El año en que descubrí a Harry Potter, J.K.Rowling ya estaba bastante bien encaminada en eso de convertirse en la mujer más rica de Inglaterra y yo tenía un hijo de seis y otro de tres años a los que les encantaba escuchar cuentos antes de irse a dormir. Con la intención de comprar algún libro nuevo para el mayor, ese verano terminamos en una librería en Dinamarca y mientras yo curioseaba entre las novelas y los libros de decoración, mi marido se dejaba convencer por la librera para comprar tres novelas de una escritora inglesa que había escrito, según ella, una maravilla de la literatura infantil.
Esa noche, él les leyó el primer capítulo conmigo al lado.
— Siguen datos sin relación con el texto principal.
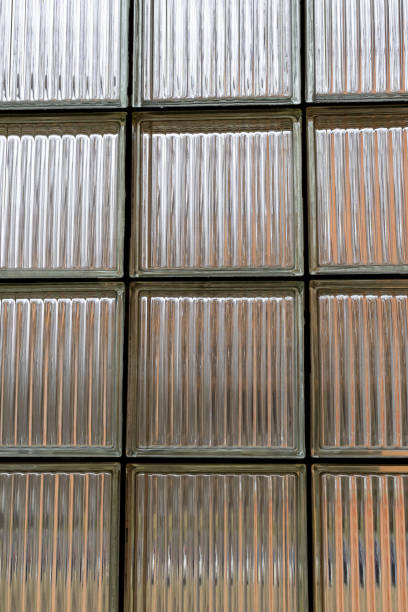 istock An old glass block window with vertical textures. 2149717362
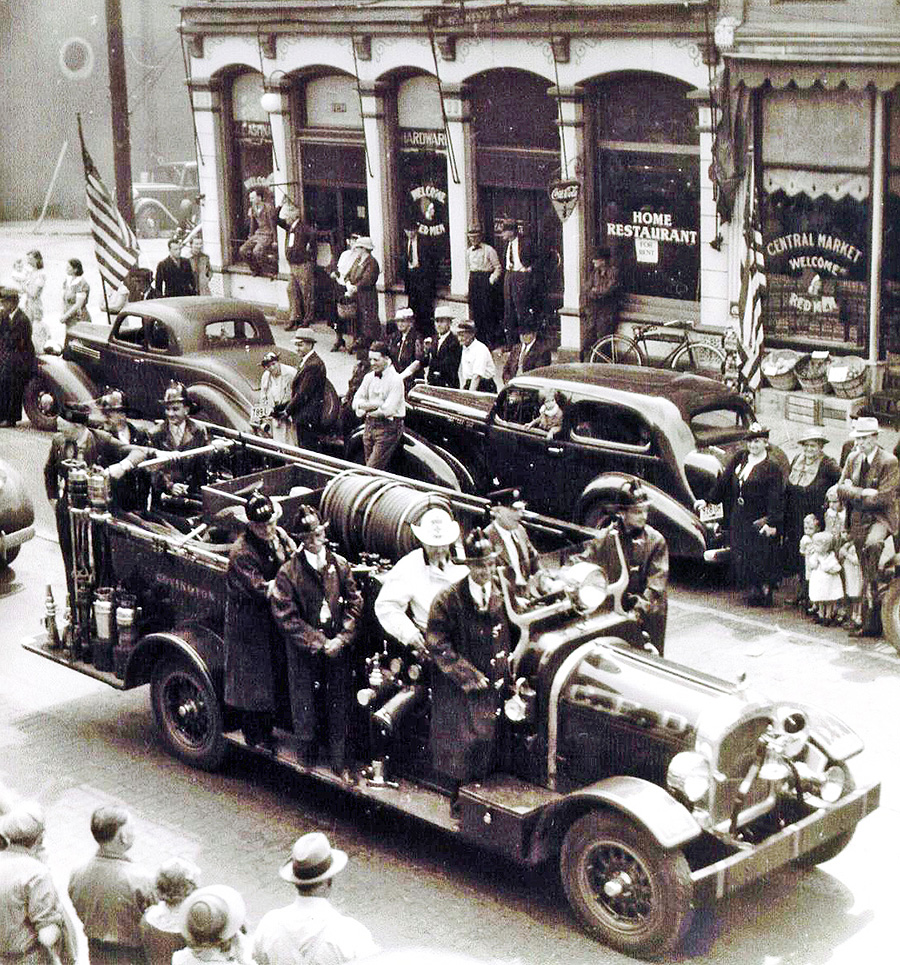 black and white photo of firetrucks in a parade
Apenas terminó de leerles y con los críos bien dormiditos, me apoderé del libro y no pude parar de leer hasta las tres de la mañana cuando lo terminé. Una mezcla de cuento de hadas y novela de aventuras, con misterios y magia y un montón de referencias mitológicas, todo eso situado a finales del siglo XX. ¿Qué más podía pedir una devoradora de cuentos desde la más tierna infancia como yo? La combinación de ser adicta a los cuentos y de la capacidad que tenemos las mamás para poner nuestro cerebro en sintonía con el de nuestros hijos hizo el resto.
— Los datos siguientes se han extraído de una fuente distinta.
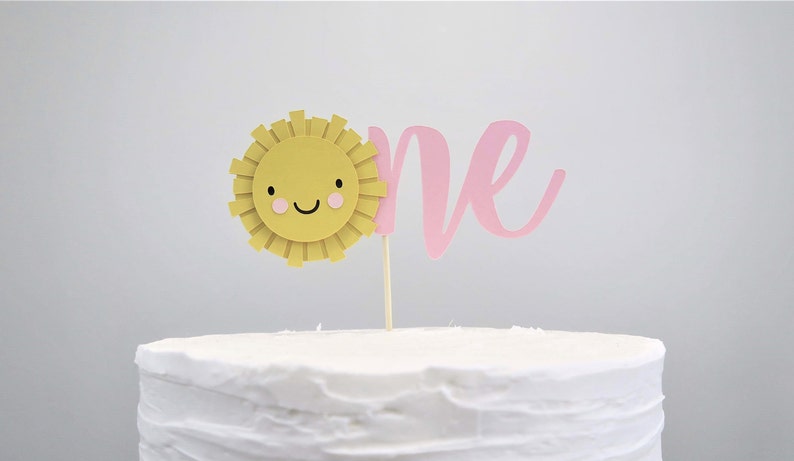 May include: A white cake with a yellow sun and pink "one" topper. The sun has a smiling face with pink cheeks.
En las dos noches siguientes me leí los otros dos, mientras mi marido y yo nos turnábamos para leerles el primero a los chicos, que habían quedado completamente enganchados con la historia, ya sabiendo que cuando terminara me iba a quedar con esa sensación de vacío que le queda a uno cada vez que termina una de esas novelas que lo internan en un mundo imaginario del que no quisiera salir. Pero como me pasa siempre, leo demasiado rápido, no hago pausas y al tercer día me había quedado fuera de Hogwarts, intentando ver más allá del tercer libro lo que pasaría en el futuro de los personajes.
El cuarto libro acababa de publicarse en inglés, así que me lo encargué pronto en Amazon y cuando llegó, descubrí bien contenta que tenía casi el doble de páginas que los otros. Lectura para dos días, por lo menos.
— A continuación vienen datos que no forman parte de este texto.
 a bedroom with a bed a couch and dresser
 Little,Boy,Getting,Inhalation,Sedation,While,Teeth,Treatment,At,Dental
Por suerte, leer en voz alta no va tan rápido. Mientras les iba leyendo a los chicos, iba haciendo la relectura. A veces, después de leerles a ellos seguía leyendo yo sola. Al final, debo haber leído cada libro entre tres y cuatro veces. En los dos años que siguieron, Harry Potter ocupó muchísimo espacio en las lecturas familiares; éstas se alternaban, a veces había que leerle un libro a uno, otras veces al otro, mientras el padre le leía El Señor de los Anillos al más grande, yo le leía Harry Potter al más chico y así íbamos.
El quinto libro salió en el 2003, aunque lo esperábamos con bastante ansiedad y lo leímos con mucho placer, lo hicimos como un libro más, lo mismo que al sexto. Algunos misterios se resolvían, pero aparecían otros nuevos, conocíamos nuevos personajes o aprendíamos algo nuevo sobre los ya conocidos, los chicos se convertían en adolescentes y empezaban a tener penas de amor y el mundo se hacía cada vez más oscuro, tanto que uno de nuestros personajes preferidos terminaba muerto. Lo mejor de todo, creo que fueron todas las noches en las que después de hacerlos lavar los dientes y ponerse el pijama, nos metíamos los tres en mi cama para que yo, con un chico de cada lado, les leyera en voz alta entre medio y un capítulo por noche. Y ahora, después de siete años, llegó el séptimo, el que termina la saga.
La primera sorpresa que me llevé fue que apenas recibimos el paquete de Amazon, mi hijo mayor lo acaparó y no me dejó ni tocarlo. A la noche, cuando yo llegaba del trabajo, me tenía que pelear con él para poder leerlo. Al final, haciendo abuso de mi autoridad materna, conseguí sacárselo y terminarlo durante el fin de semana, lo que valió la pena. El libro no sé si es el mejor de todos pero termina toda la historia como tiene que terminar, cierra todos los hilos sueltos y deja una sensación de leyenda que creo que convertirá al cuento de este mago moderno en un clásico infantil que leerán los chicos de unas cuantas generaciones, además de los míos, que aprendieron a leer con Harry Potter.